PROBLEM REQUIREMENTS -> Locate the line bearing "Антикварный Парфюмерный флакон, Edme" in the material below, then reproduce it and each following line up to and including the line bearing "Portrait d'une dentiste".

DATASET RECORDS ->
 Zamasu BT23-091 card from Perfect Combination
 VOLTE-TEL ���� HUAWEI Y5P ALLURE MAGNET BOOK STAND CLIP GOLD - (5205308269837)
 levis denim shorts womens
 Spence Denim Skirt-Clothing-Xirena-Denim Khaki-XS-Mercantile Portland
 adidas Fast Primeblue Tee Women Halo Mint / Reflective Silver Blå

...

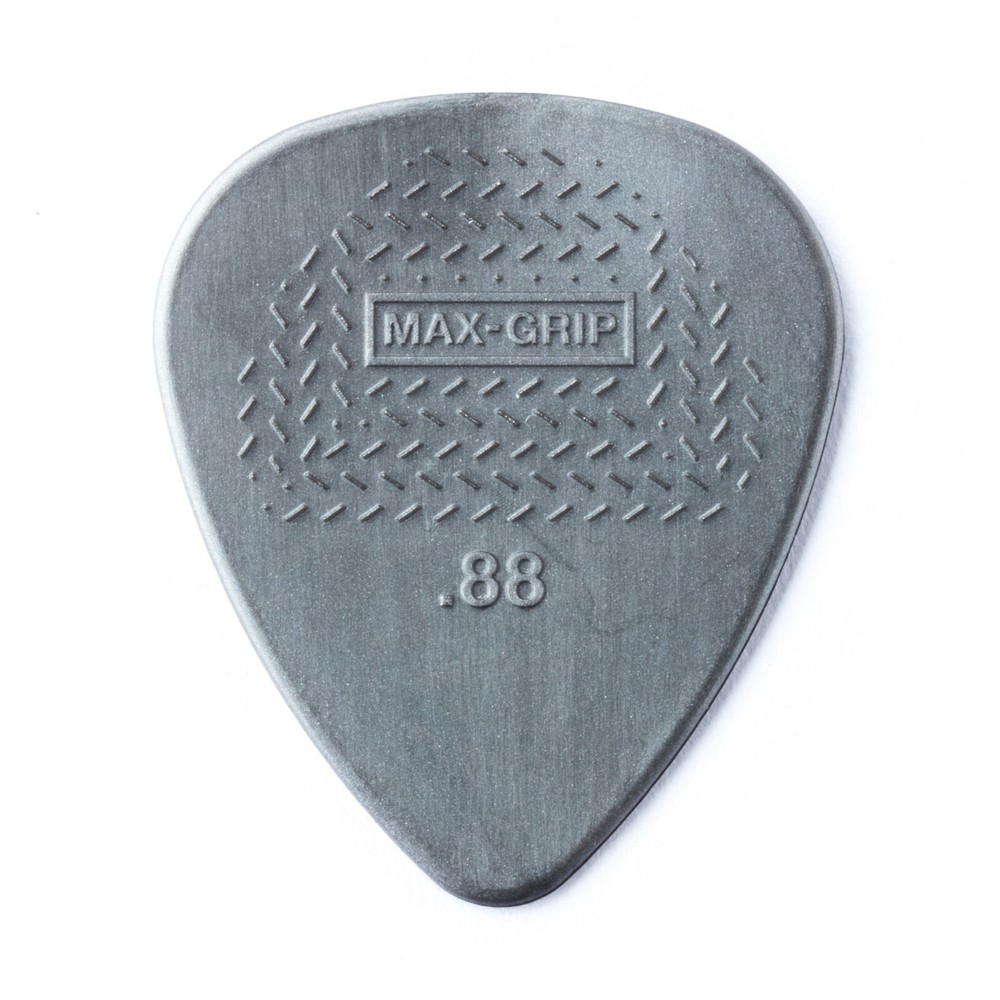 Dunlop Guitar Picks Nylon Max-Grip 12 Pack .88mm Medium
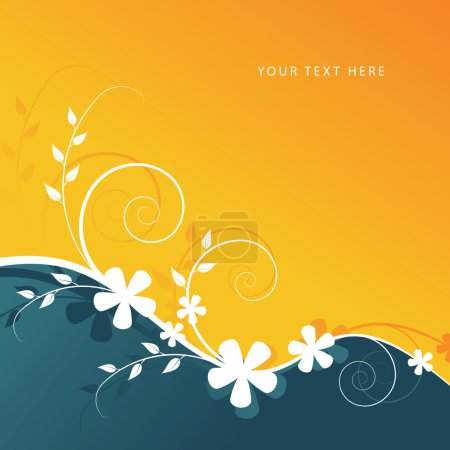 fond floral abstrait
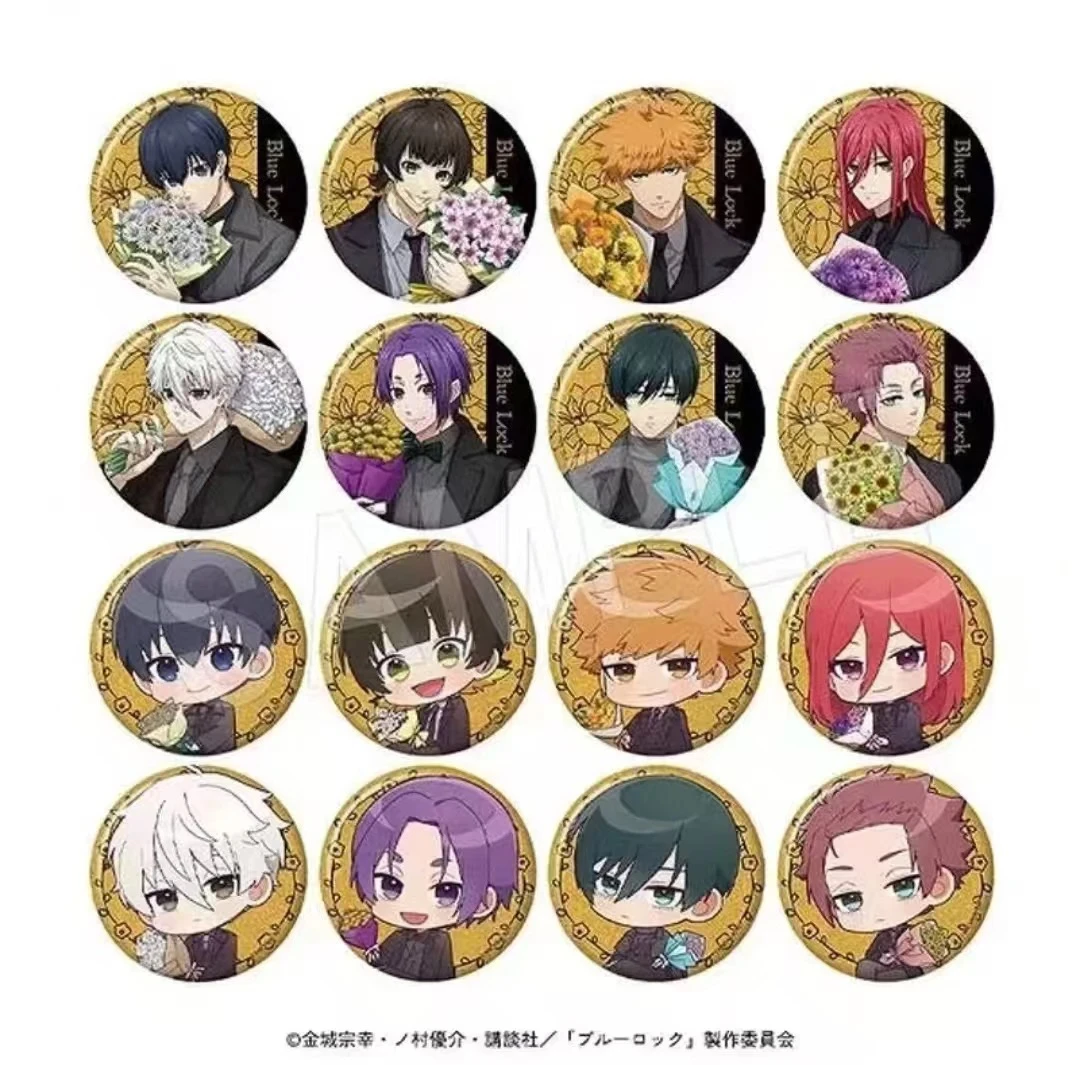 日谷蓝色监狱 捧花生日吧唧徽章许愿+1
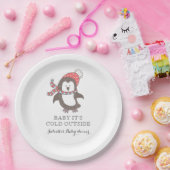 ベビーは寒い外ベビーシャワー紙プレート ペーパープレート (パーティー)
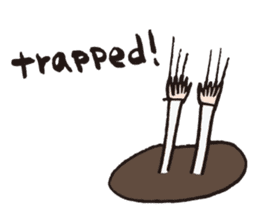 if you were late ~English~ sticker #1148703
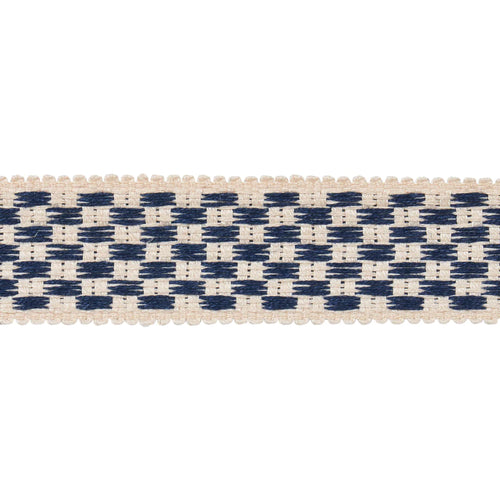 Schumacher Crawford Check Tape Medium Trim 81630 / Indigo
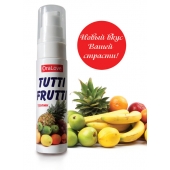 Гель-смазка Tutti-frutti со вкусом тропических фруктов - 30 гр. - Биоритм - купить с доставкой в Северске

==

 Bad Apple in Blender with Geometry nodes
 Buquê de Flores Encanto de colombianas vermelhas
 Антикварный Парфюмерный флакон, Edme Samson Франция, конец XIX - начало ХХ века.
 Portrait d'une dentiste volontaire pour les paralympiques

ANSWER SPACE ->
 Антикварный Парфюмерный флакон, Edme Samson Франция, конец XIX - начало ХХ века.
 Portrait d'une dentiste volontaire pour les paralympiques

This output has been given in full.